Once each programmer can have his own artificial intelligence doing his job,
how will you prevent programmers to replace themselves by their personal AIs,
and go to the beach instead of slaving behind their computer?

cf.
[http://www.bbc.com/news/technology-21043693](http://www.bbc.com/news/technology-21043693)
the best employee of the world!

------
ankurdhama
We need both engineer and mechanic. A mechanic can never replace an engineer.

------
cureyourhead
When AI are everywhere, the ability to tinker with them, repurpose and reshape
them to your specific needs and desires, will then be the point of difference.
So coding will always be important.

If AI-in-everything becomes as ubiquitous as the written word, which it will,
our lives will be vastly transformed. The ability to code will become like the
ability to write is now: the absolute bottom rung of the ladder to enter
society as a participant.

If AI and energy become essentially zero cost then the differentiator will be
how clearly you can tell them what you want them to build, and how useful are
the things you choose to build. Oh, wait, so no different to coding today. So
coding will always be important, and increasing saturation of advanced
technology will only make it more so.

If you are assuming, as counter to these points, AI where you can essentially
say: make me a FB clone that will make me 1 trillion dollars per year, finish
it in 2 hours.

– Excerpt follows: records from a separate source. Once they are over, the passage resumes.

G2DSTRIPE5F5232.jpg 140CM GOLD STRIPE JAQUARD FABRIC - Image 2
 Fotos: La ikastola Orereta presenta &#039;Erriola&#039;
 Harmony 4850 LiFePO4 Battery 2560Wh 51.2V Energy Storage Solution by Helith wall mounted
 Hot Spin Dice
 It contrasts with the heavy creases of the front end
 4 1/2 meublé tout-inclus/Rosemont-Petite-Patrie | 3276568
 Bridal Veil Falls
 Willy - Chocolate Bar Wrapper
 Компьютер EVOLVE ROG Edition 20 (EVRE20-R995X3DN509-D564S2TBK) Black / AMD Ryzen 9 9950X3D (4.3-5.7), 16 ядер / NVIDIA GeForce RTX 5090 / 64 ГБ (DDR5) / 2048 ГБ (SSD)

As in, you have a Magic Lamp, then, either everyone will have a
Magic Lamp, and the differentiator will be your mind, or only those who can
afford it will have a Magic Lamp, so the differentiator will be money,
equivalently again, your mind. So coding, in the purest sense of giving
instructions, will be important.

To put all this another way, when the number of things to which people can
give instructions to produce results increases in number then will also
increase the number of people who are capable of giving instructions to such
things.